Figlio, presto orfano, di un gerarca nazista, Ulay ha sempre malvissuto le proprie radici, rinunciando al nome e alla nazionalità tedesca e denunciando il nazionalismo in molte sue performance: in There is a Criminal Touch to Art, ad esempio, ruba dalla Neue Nationalgalerie di Berlino il dipinto Der arme Poet di Carl Spitzweg, il pittore preferito di Adolf Hitler, per poi donarlo a una famiglia di immigrati turchi in Germania. Il 1975 è l’anno fatale: ad Amsterdam conosce infatti la collega Abramovic. Fatale è anche il giorno: 30 novembre, data del compleanno di entrambi. “Prese la sua agendina e mi fece vedere che la pagina del 30 novembre era strappata”, scrive Marina nella sua autobiografia Attraversare i muri (Bompiani, 2016). “Dato che detestavo il mio compleanno, anch’io strappavo sempre la pagina corrispondente. Così presi la mia agendina e la aprii per mostrare la pagina mancante. Anche Ulay rimase a fissarmi.
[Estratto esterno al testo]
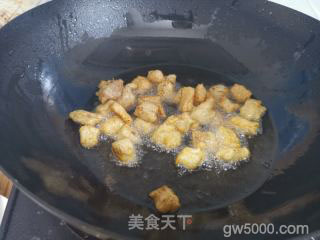 东北溜肉段的做法步骤：12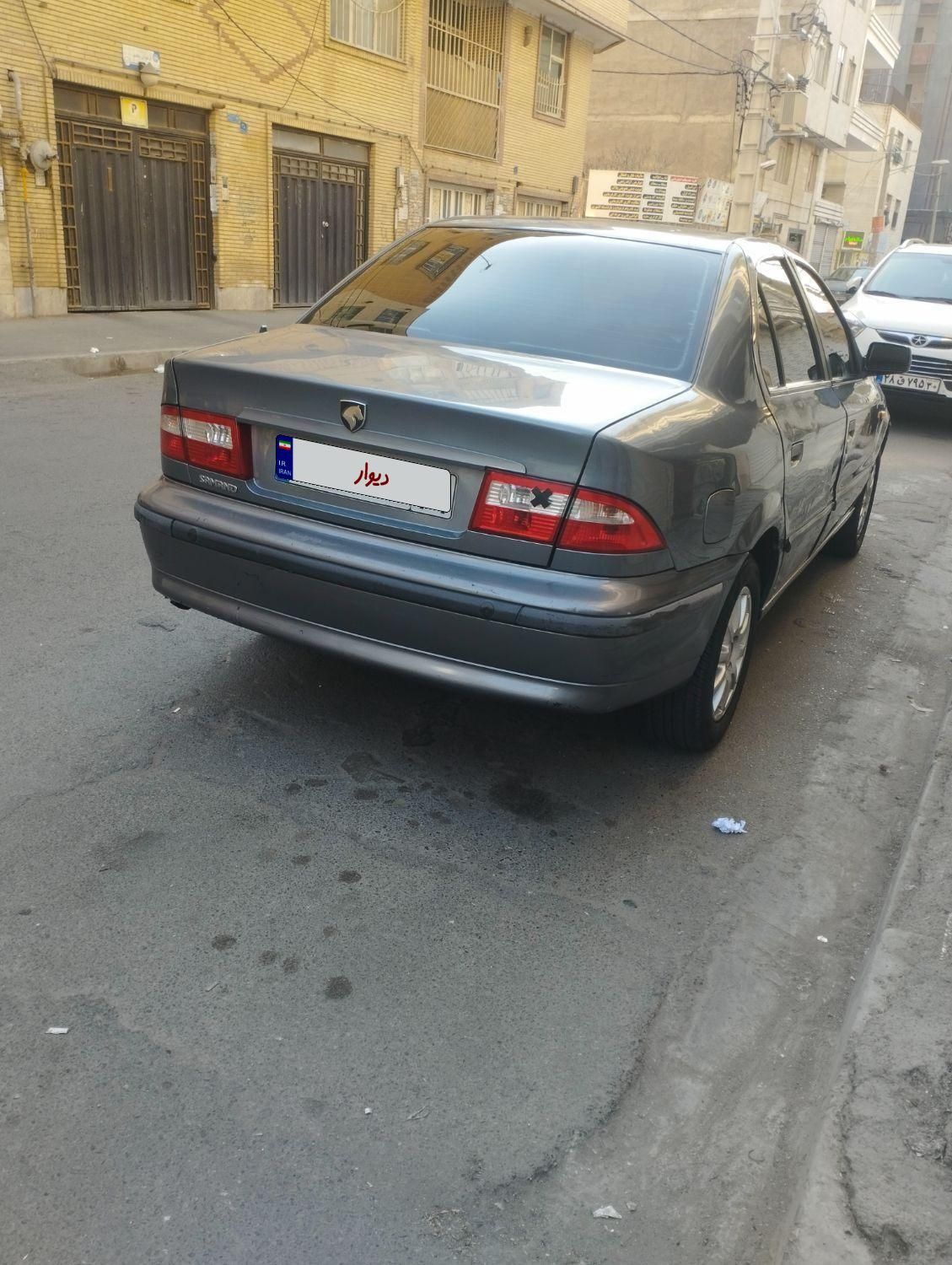 سمند LX XU7 - 1387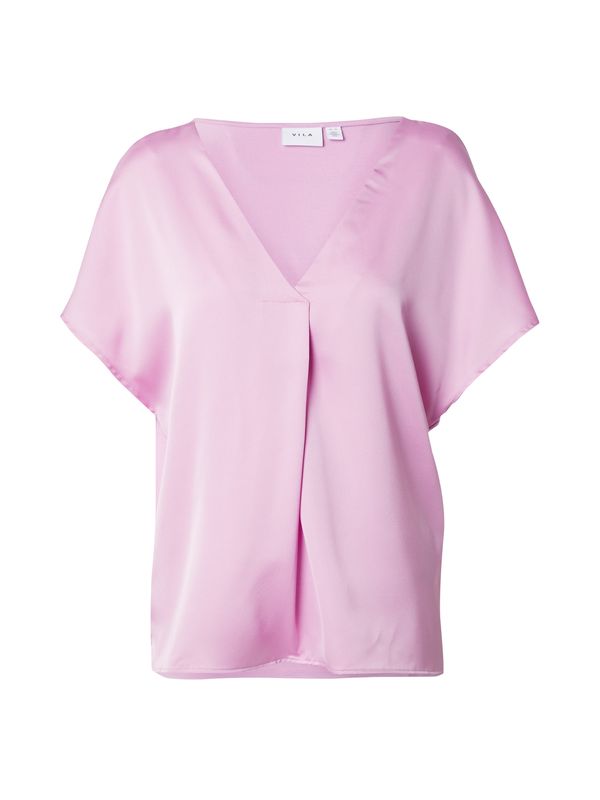 VILA VILA Bluza 'ELLETTE'  orhideja bijela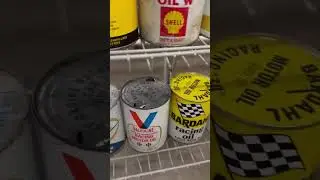 Big OIL CAN SALE TONIGHT @6 pm central time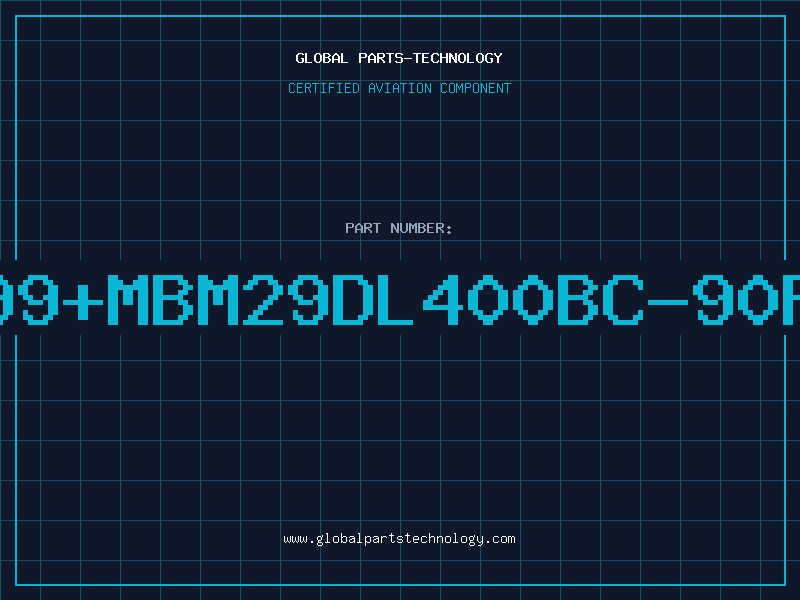 Aviation Part 4Mb99+MBM29DL400BC-90PFTN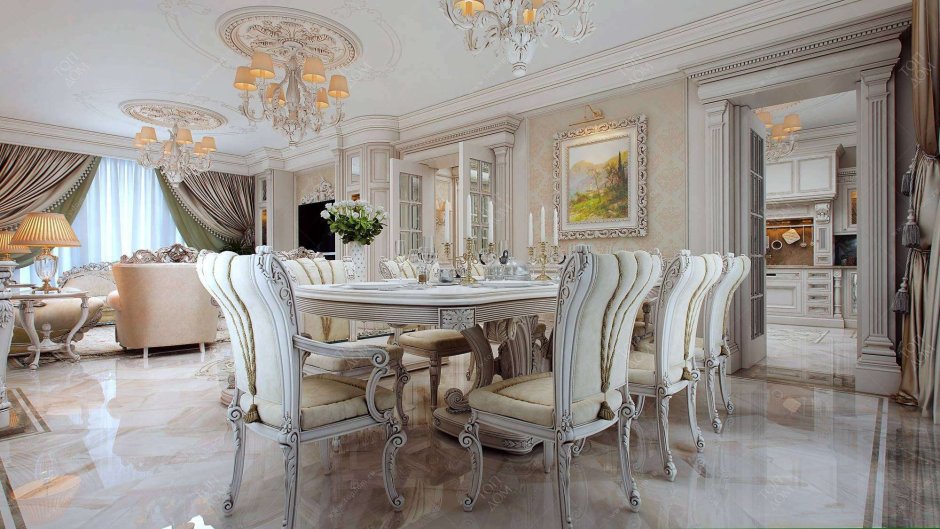 Дизайн проект таунхауса 150 кв м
Quella sera tornammo a casa sua, e restammo a letto per i dieci giorni successivi”. La relazione durerà quasi tredici anni, tra amplessi, tradimenti, amplessi a tre con gli amanti di turno, tormenti, piatti rotti e arte.
Ulay “era alto e magro, con capelli lunghi e fluenti che teneva raccolti in una crocchia con un paio di bacchette – un dettaglio che mi colpì subito, dato che io facevo lo stesso con i miei… La nostra intensa alchimia sessuale fu solo l’inizio. Il fatto che fossimo nati lo stesso giorno era più di una coincidenza. Fin dall’inizio, respirammo la stessa aria; i nostri cuori battevano all’unisono. Ciascuno finiva le frasi dell’altro, sapendo esattamente che cosa aveva in mente, anche quando dormiva… Quell’uomo era tutto ciò che volevo, e sapevo che lui provava lo stesso per me… Ci sono coppie che, quando iniziano a convivere, comprano pentole e padelle. Ulay e io cominciammo a progettare di fare arte insieme”. Scorrazzando in giro per l’Europa a bordo di un furgone, concepiscono la numinosa serie di performance Relation Works, che comprende Relation in Space (portata alla Biennale di Venezia) e Imponderabilia, realizzata nel 1977 alla Galleria Comunale d’Arte Moderna di Bologna. Quest’ultima è una delle loro opere più famose: entrambi nudi, uno di fronte all’altro contro gli stipiti della porta d’ingresso, costringono i visitatori del museo a entrare di traverso, rivolti verso la donna o verso l’uomo: “È questo il gioco – spiega Ulay –: in un secondo devi prendere una decisione, ancora prima di poter comprendere perché”. Peccato che dopo appena mezz’ora la polizia interrompa l’happening ritenendolo osceno.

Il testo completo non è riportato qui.